ARUS İşbirliği İçin Hazır!
Anadolu Raylı Ulaşım Sistemleri Kümelenmesi (ARUS) Koordinatörü Dr. İlhami Pektaş, 12.09.2014 tarihli Dünya Gazetesi’nde ‘Demiryolunda yerli üretici tepkili, Eurotem “çağırdık gelmediniz” diyor’ başlıklı haberde Eurotem yetkililerinin savunduğu görüşlere açıklık getirdi.
Pektaş, “Ülkemizde 1000 adet aracın ihalesini Eurotem aldı. Onların bizim kapımızı çalıp “ Taahhütleri gereği olarak Yerli üretim için firma ihtiyacımız var.” demesi gerekmiyor muydu? Ama şartnamelerde yerli üretim şartı ve iş bitirme belgemiz yoktu diyerek araçları G.Koreden getirmeyi tercih ettiler. Buna rağmen ARUS Yönetimi olarak karşılıklı işbirliğini sağlamak için Eurotem’i ziyaret etmek ve yerli katkıyı % 65’in üzerine yükseltmek istiyoruz.” dedi.
İstedikleri üretim için firma önerebiliriz
Yetkililer, “ARUS çok şikayetçi oluyor ama bizim kapımızı çalan yok. Özel olarak davet bile ettik, gelmediler” diyerek, iletişim sorunlarına dikkat çekti.
Anadolu Raylı Ulaşım Sistemleri Kümelenmesi (ARUS), bilindiği gibi hedefleri doğrultusunda, tasarımından nihai ürüne kadar yerli üretim için çaba göstermekte, milli marka çıkarma ve bu markaları yurt dışı pazarlarda rekabet edebilir hale getirme yolunda büyük gayretler sarf etmektedir.

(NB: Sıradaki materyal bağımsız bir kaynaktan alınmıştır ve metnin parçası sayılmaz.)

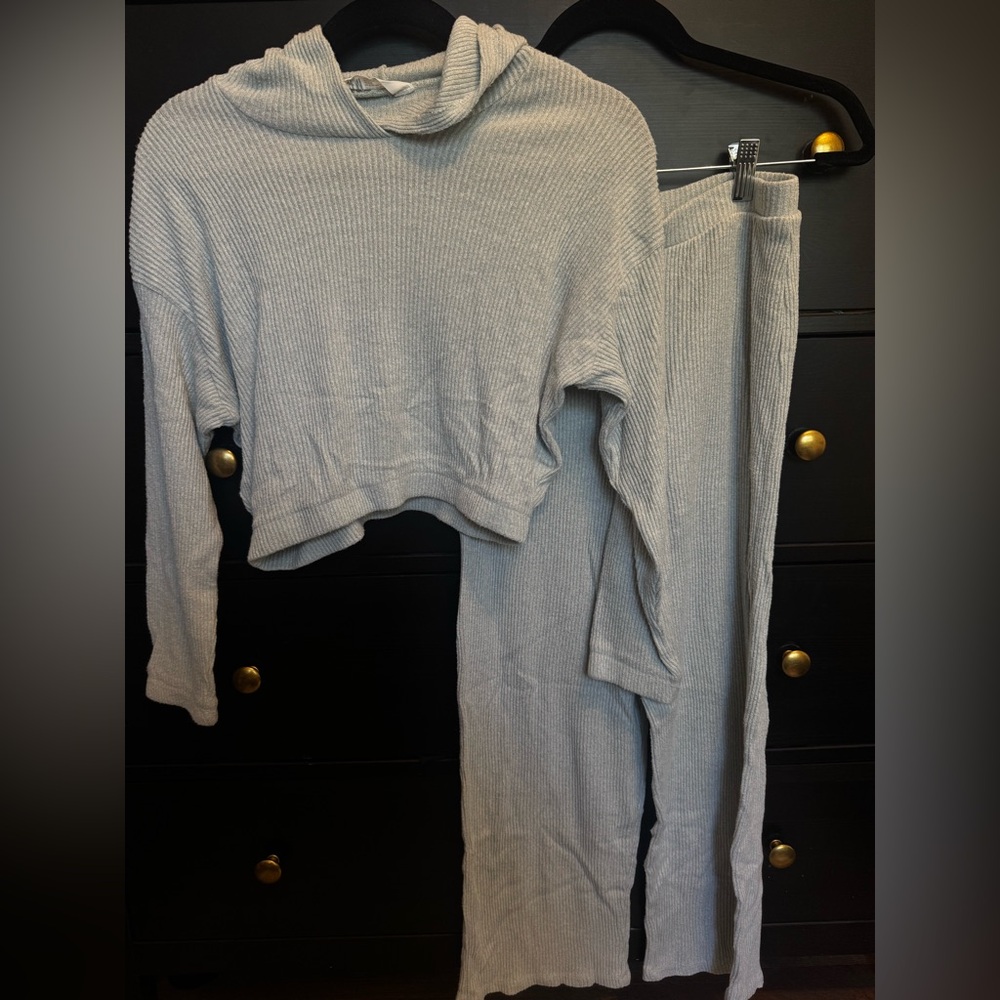 H&M Light Mint Ribbed Knitwear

ARUS’un yerli üretim ve milli politikaları neticesinde, küme üyesi sanayicilerimizin büyük gayretleri ile kendi markalarımız çıkmaya başladı. Dolayısıyla ARUS üyeleri yerli ve milli üretime zaten hazır durumda. Üyelerimizden Özbir; Eurotem için sadece kablo kanalı ve akü sandığı üretiyor. Yine üyelerimizden Medel, yardımcı güç sistemleri invertör, tuvalet üretti. Diğer üyelemiz iç giydirme ve cam vb. yapıyor ama bunların toplamı %10’u geçmiyor.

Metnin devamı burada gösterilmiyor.